Two categories of cases emerged from the group discussions. The first was the case that turned out badly but not because of any errors or omissions on the part of the mediator, but rather as a client decisions, choices, or actions that caused the case to end unsuccessfully at best or become a train wreck at worst. The second category involved circumstances in which the mediator might not have acted when acting would possibly been beneficial or took action that produced consequences unintended by the mediator but which may have also contributed to the case turning out badly. Hindsight, of course, is a beautiful thing and the participants who volunteered the case discussion were reminded of how much easier our review was than their role as the mediator. Although not all of the participants met this criteria, our requested filter for signing up for the workshop was that one have years of experience, considering oneself an advanced practitioner. The primary objective was to put accomplished professionals in a peer setting where the participants created a safe environment in which the members who volunteered cases would know that their willingness to be vulnerable and exposed was greatly respected and honored by their colleagues. Another objective of the workshop was to brainstorm with the collective talent and experience of all the participants in each workshop. From the feedback of the participants, it was clear that these objectives were met.

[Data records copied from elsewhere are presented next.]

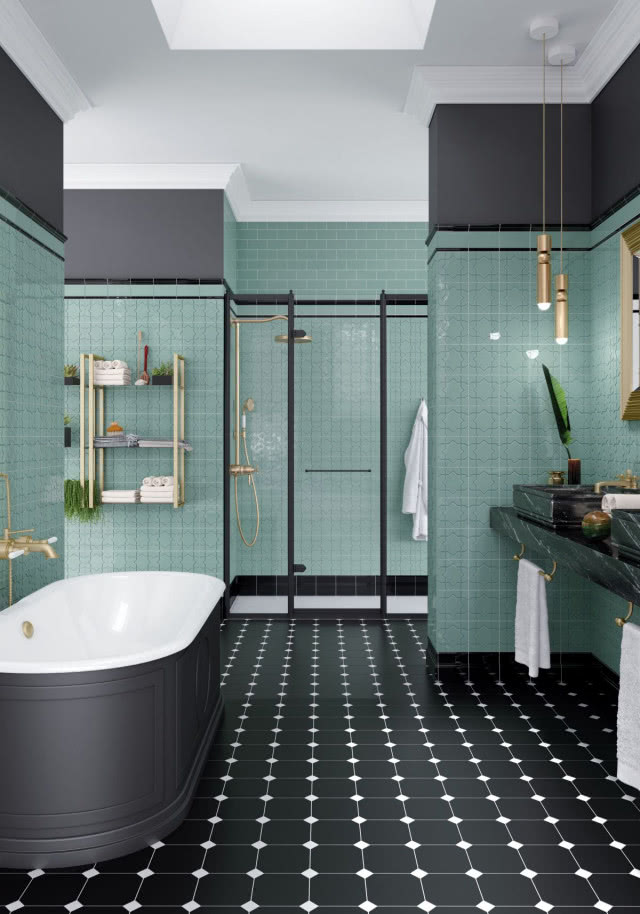 płytki zielone łazienka hiszpańskie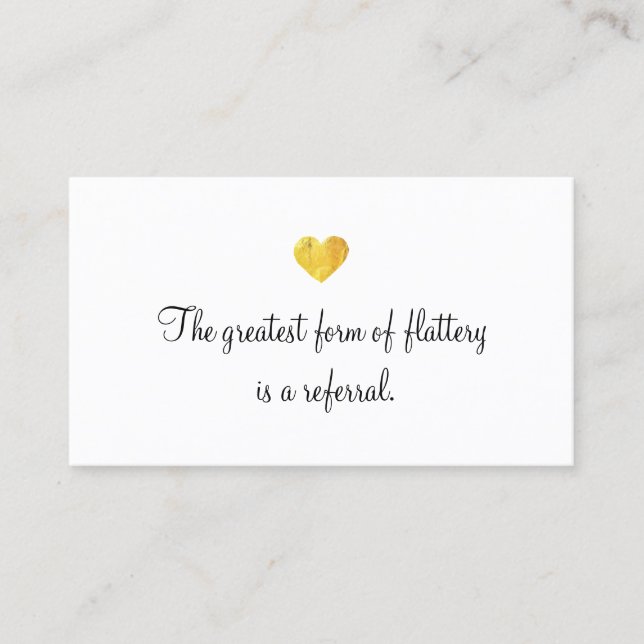 Carte de recommandation client Cute Faux Gold Foil (Devant)
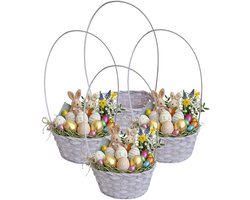 Kaemingk Rieten mandje met hengsel - 4x - lila paars - D20 x H38 cm - paasmandje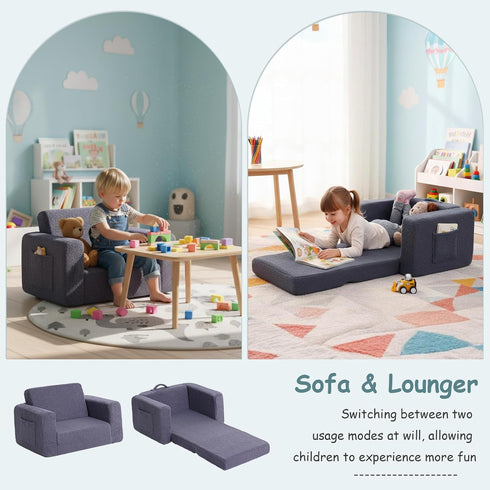 2-in-1 Tiita Kids Sofa, Kid Chairs, Convertible Children Couch to Lounger, Flip Out Kids Chair, Toddler Armrest Chair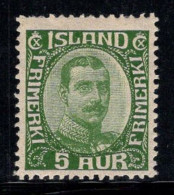 Islande 1920 Mi. 86 Neuf * MH 100% 5 A, Roi Christian X - Unused Stamps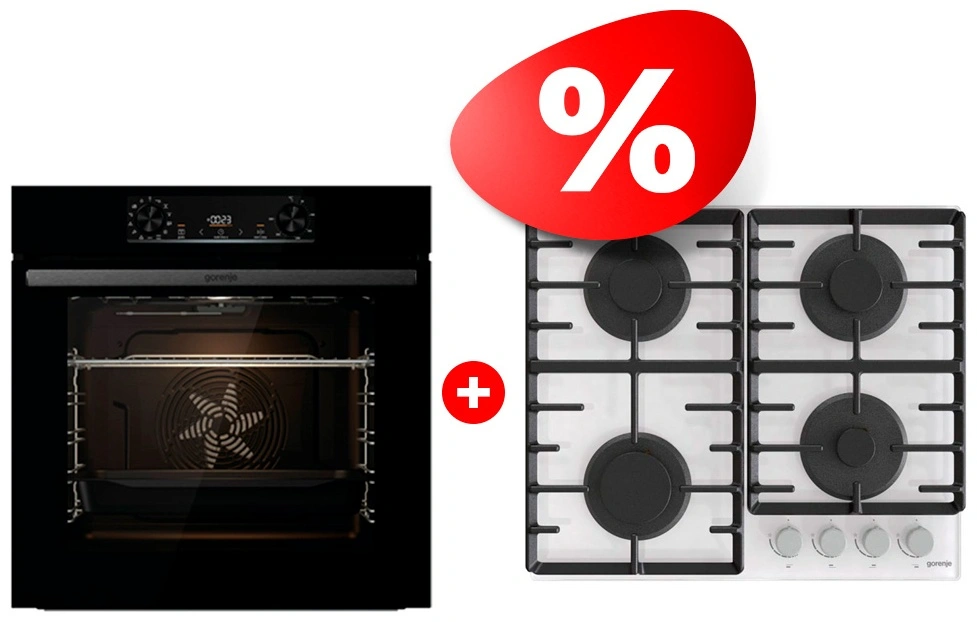 Жиынтық Gorenje газды пісіру беті GT642AXW + Встраиваемый духовой шкаф Gorenje BO6737E02BG 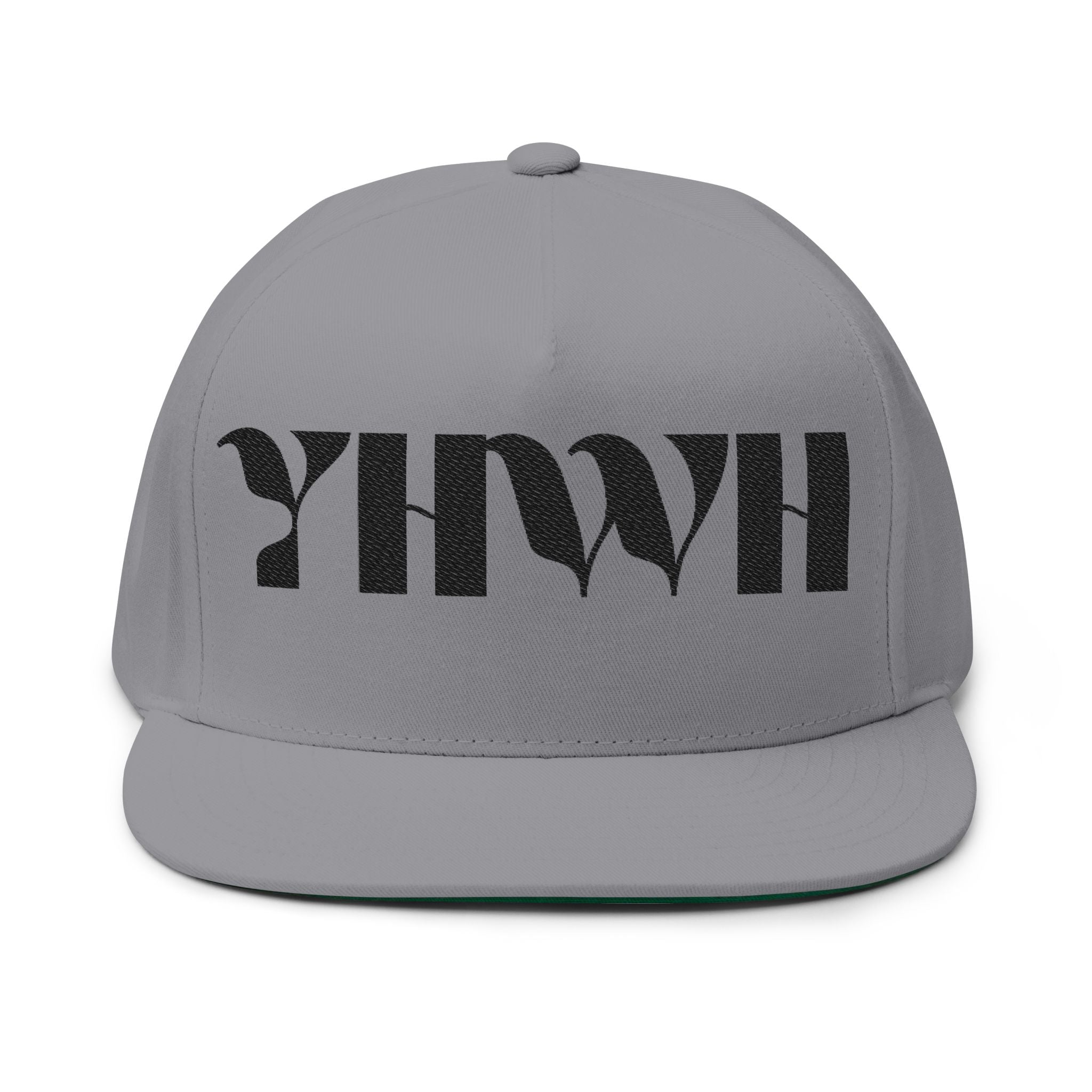 "YHWH" (Black) Flat Bill Snapback (Embroidered Front/Back)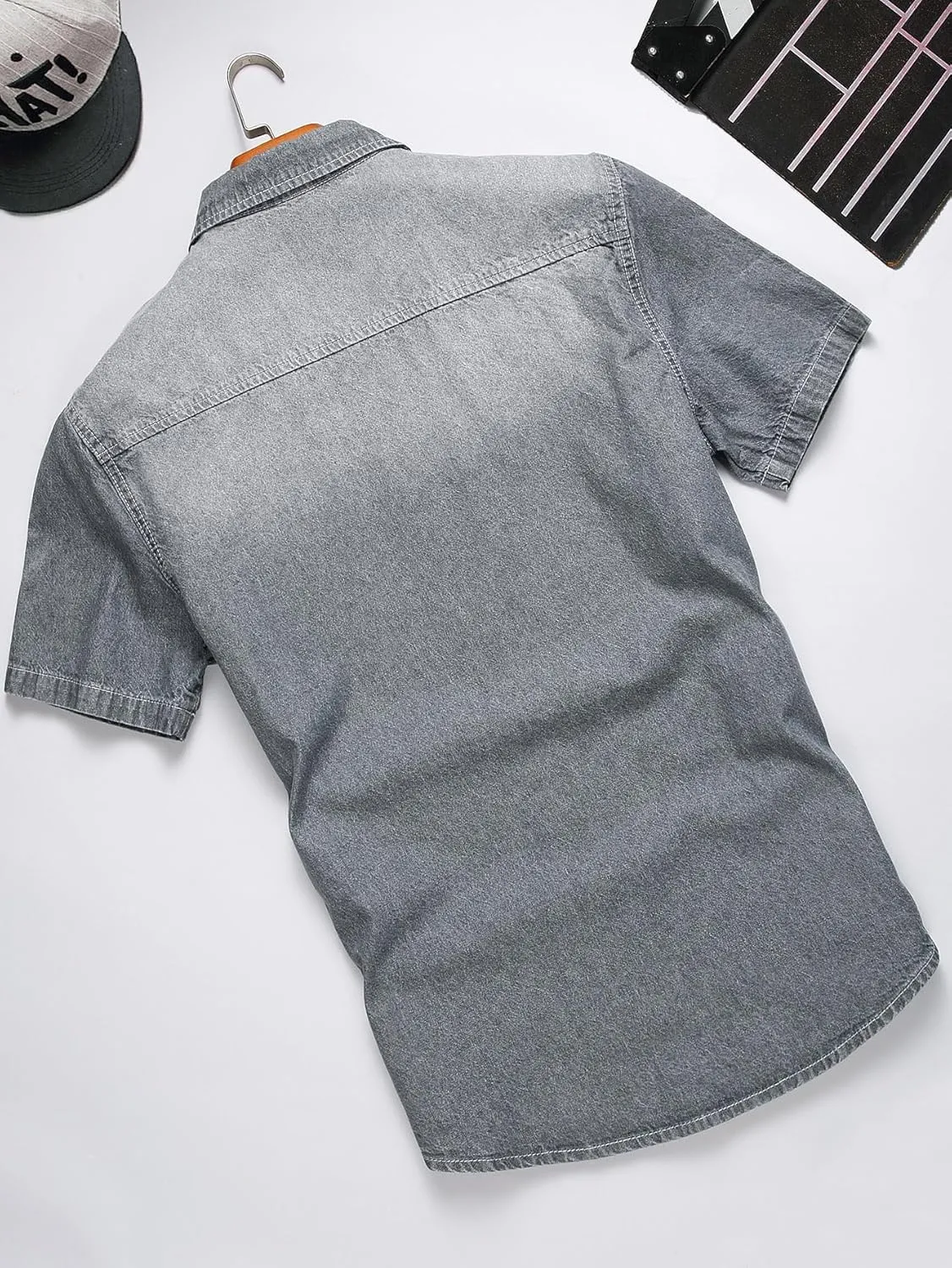 Floerns Men's Causal Ripped Button Front Dual Pocket Short Sleeve Denim Shirt Without Tee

Out of the open dialogue response to the case presented, a number of strategic interventions were proffered as alternatives to how the case actually unfolded, imploded, or exploded depending on the particular case being reviewed. Preemption strategies are perhaps the ultimate act of hindsight since it is easy to hypothesize a different outcome as a response to something that was not tried and therefore did not fail.

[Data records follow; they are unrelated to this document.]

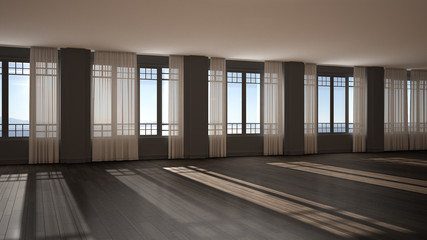 Empty room interior design, background with copy space, open space with big panoramic windows with curtains and sea view, parquet, stucco molded walls, classic architecture concept
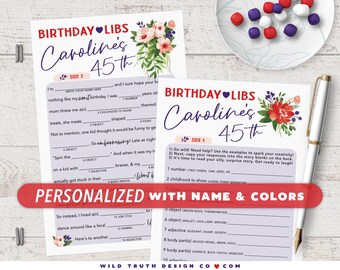 Personalized Birthday Mad Lib For Adults - Funny Party Game - Printable 5.5x8.5 Half Letter - Floral Design [BP108]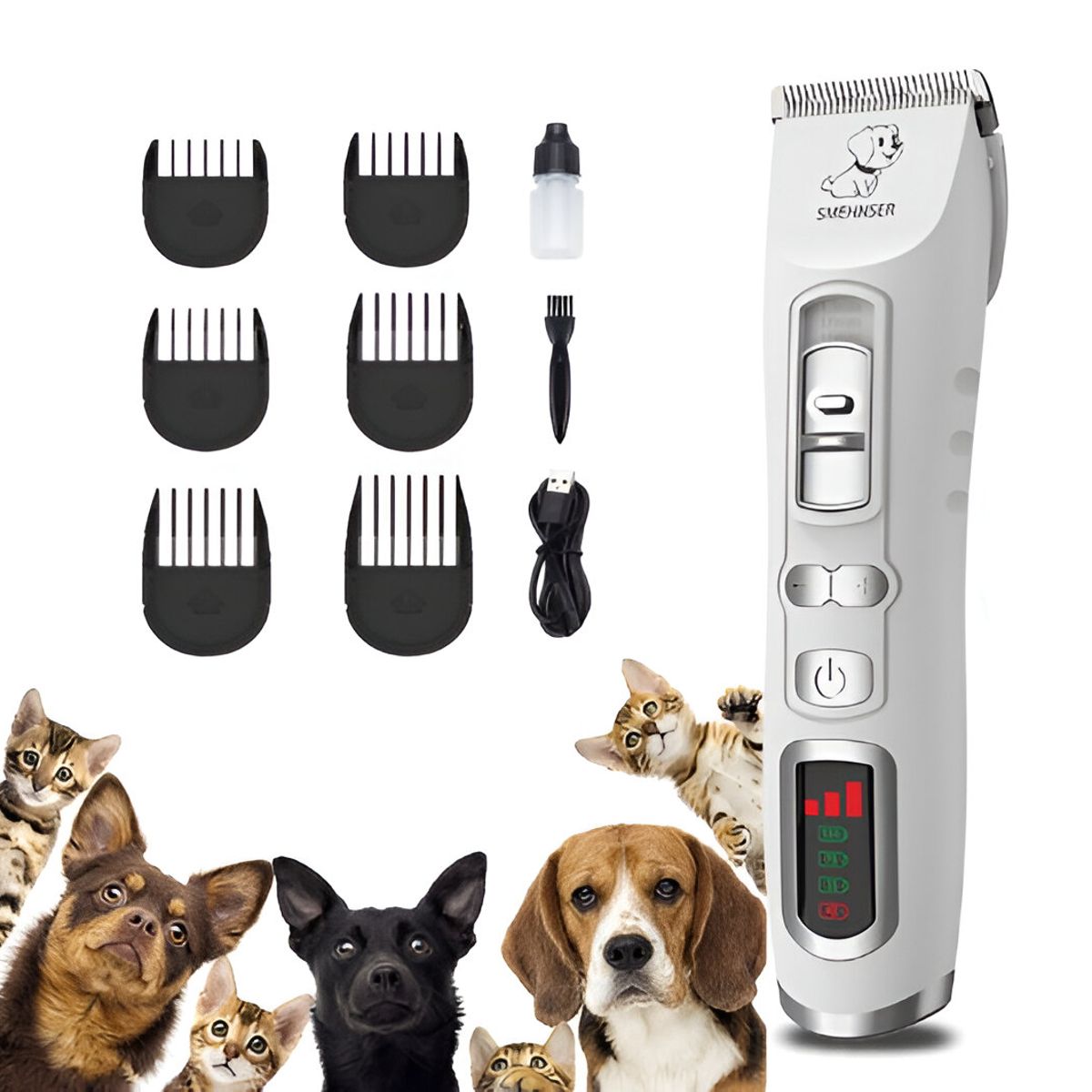 GENERICO - Kit Máquina Cortapelos Profesional D3 para Mascotas, Inalámbrica, 3 Velocidades y 6 Peines Guía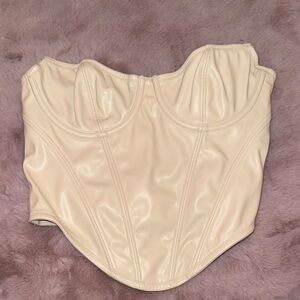 Urban Outfitters Beige Corset Crop Top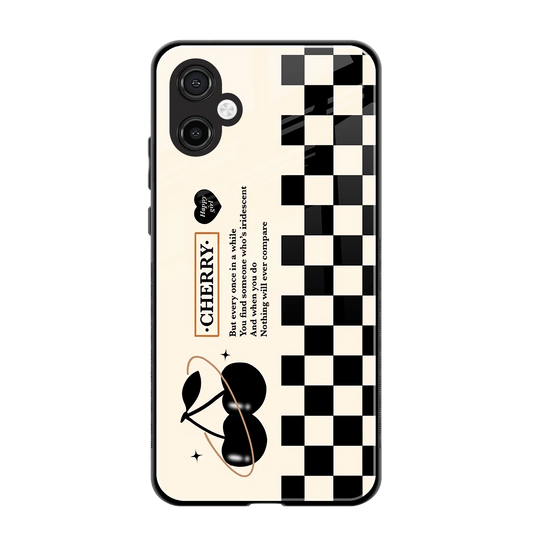 Cherry Checkered back phone cover | glass case for samsung galaxy a06 5g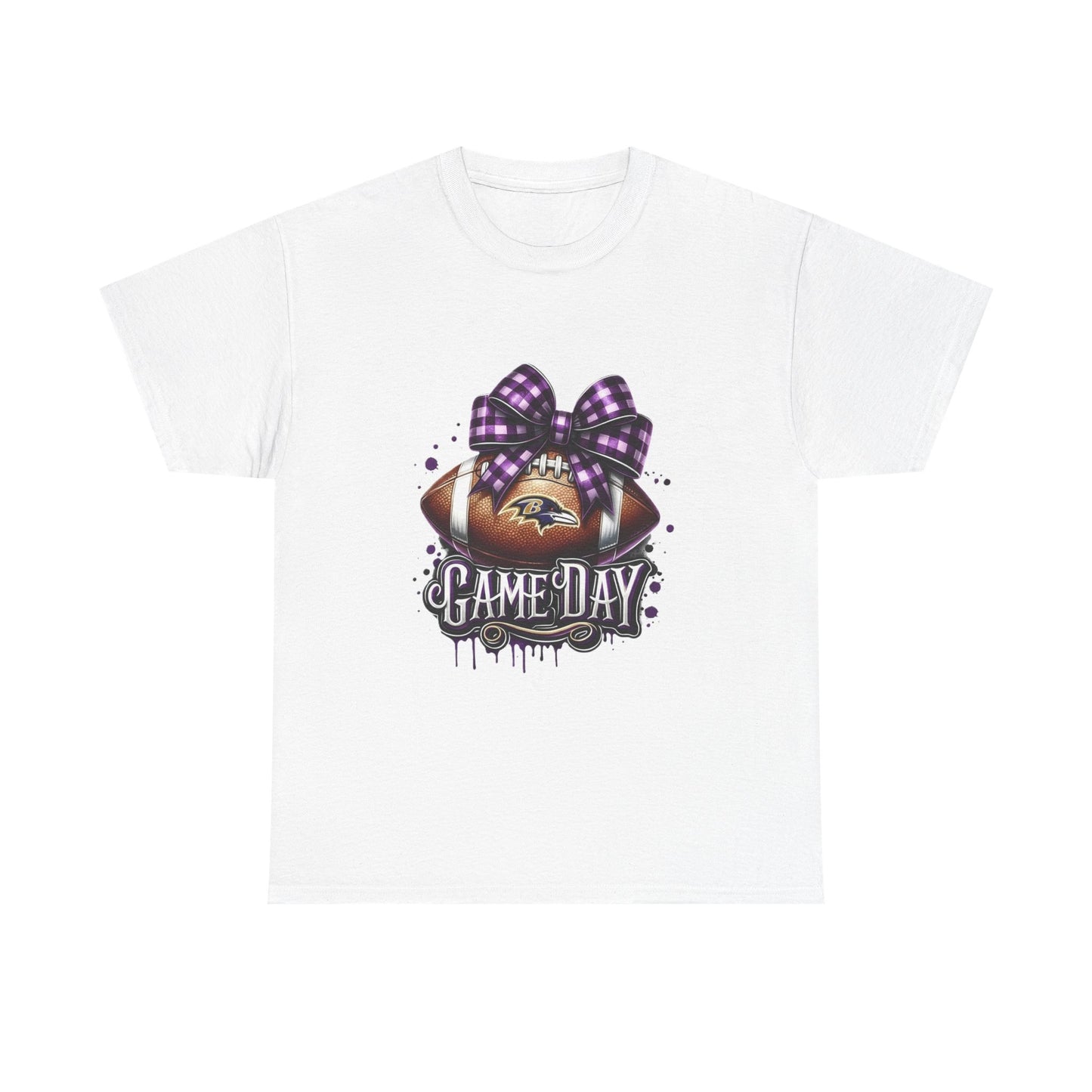 Game Day Football Tee — Purple Bow Baltimore Fan Shirt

Nonetheless, preemptive strategies can be very effective method of taking the winds out of the clients’ emotional sails when they might otherwise grow into a kind of emotional tornado. Take for example, an issue such as spousal support or alimony. In jurisdictions that have support as part of the Family Code, it is more often than not an hot button issue that can carry with it strong surges of emotion. A preemptive approach would be for the mediator to lead a conversation with the parties in which the impact of being obligated to pay support and the impact of being dependent on someone for support can be articulated by the mediator as an introduction of the subject matter, framing the experiences at each end of the support spectrum in a manner that normalizes the strong and diametrically opposed feelings of the parties. Modeling an empathic and constructive tone for this introduction, the mediator can significantly alter the environment in which the clients are encouraged to express their individual perspectives, feelings, goals, and objectives

Framing is another intervention strategy that can pay dividends and contribute to a constructive process that keeps the process on the rails and rolling forward. The process design which is fundamental to the structural design of my mediation process provides the clients with two macro frames within which they have the opportunity to maximize their collective success. The first frame addresses how each of the participants, as well as the mediator, should choose to behave during the mediation if their dual goals of maximizing the outcome to each and completing the divorce process in a manner that was as beneficial for the children as possible, is to be achieved. This frame addresses the emotional forces that come into the session with the clients like their shadows in the low sun of a clear winter day. Understanding the cause and effect correlation between their emotions and their strategic objectives in the process will aid the clients in becoming mindful of the powerful and subversive impact their emotions will have on the attainment of a resolving and successful agreement. The second frame provides the clients with a roadmap showing how their substantive issues (parenting, financial, cash flow, etc.) will be developed from the initial first meeting all the way to a settled and signed agreement. These kinds of frames help clients orient themselves during the psychological and emotional freefall that attends the breakup of a marriage or long term relationship.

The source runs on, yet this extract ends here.